#### [Exercise directions]
Reproduce the records below exactly, but only between the lines holding "Play Tripeaks Solitaire Online for Free" and "Maison, Canal Du", inclusive.

**** Recorded information

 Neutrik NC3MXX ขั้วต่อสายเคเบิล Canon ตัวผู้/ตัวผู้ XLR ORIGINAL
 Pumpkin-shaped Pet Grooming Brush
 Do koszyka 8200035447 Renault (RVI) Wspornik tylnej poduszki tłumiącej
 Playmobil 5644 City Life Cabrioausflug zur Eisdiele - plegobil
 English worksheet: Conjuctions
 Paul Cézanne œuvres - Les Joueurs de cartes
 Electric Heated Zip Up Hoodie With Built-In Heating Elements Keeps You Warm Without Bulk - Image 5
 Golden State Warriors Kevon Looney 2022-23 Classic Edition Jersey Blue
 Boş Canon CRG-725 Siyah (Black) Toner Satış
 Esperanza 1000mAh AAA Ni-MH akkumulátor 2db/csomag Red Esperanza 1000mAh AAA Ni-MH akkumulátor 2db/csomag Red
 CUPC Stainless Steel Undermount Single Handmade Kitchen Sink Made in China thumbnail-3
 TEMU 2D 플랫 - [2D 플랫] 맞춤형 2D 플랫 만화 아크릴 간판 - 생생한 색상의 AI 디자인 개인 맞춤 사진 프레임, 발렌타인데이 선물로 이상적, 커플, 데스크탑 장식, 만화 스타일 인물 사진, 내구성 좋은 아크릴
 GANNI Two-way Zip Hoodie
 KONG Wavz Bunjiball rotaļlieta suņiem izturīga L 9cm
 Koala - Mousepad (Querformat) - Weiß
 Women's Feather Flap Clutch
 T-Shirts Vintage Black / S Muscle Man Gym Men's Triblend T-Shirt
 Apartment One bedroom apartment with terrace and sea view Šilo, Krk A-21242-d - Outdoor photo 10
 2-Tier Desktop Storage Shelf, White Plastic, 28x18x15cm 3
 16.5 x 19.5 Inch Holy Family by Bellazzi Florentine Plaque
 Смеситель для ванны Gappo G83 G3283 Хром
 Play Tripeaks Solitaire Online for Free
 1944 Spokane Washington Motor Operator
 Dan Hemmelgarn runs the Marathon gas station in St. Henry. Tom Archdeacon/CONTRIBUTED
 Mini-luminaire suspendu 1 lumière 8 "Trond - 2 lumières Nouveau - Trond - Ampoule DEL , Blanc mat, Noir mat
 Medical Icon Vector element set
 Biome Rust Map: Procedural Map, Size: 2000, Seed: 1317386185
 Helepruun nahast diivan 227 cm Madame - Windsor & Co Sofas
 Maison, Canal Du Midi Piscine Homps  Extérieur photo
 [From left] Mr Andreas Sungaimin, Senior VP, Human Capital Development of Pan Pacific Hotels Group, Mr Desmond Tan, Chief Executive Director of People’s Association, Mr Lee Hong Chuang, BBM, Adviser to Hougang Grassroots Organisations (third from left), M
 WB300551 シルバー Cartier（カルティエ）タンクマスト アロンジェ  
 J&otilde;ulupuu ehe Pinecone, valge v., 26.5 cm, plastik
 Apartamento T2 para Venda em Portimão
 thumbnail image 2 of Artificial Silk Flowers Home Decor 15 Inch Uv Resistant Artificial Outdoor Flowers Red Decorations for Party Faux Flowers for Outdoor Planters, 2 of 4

********

#### [Your response]
 Play Tripeaks Solitaire Online for Free
 1944 Spokane Washington Motor Operator
 Dan Hemmelgarn runs the Marathon gas station in St. Henry. Tom Archdeacon/CONTRIBUTED
 Mini-luminaire suspendu 1 lumière 8 "Trond - 2 lumières Nouveau - Trond - Ampoule DEL , Blanc mat, Noir mat
 Medical Icon Vector element set
 Biome Rust Map: Procedural Map, Size: 2000, Seed: 1317386185
 Helepruun nahast diivan 227 cm Madame - Windsor & Co Sofas
 Maison, Canal Du Midi Piscine Homps  Extérieur photo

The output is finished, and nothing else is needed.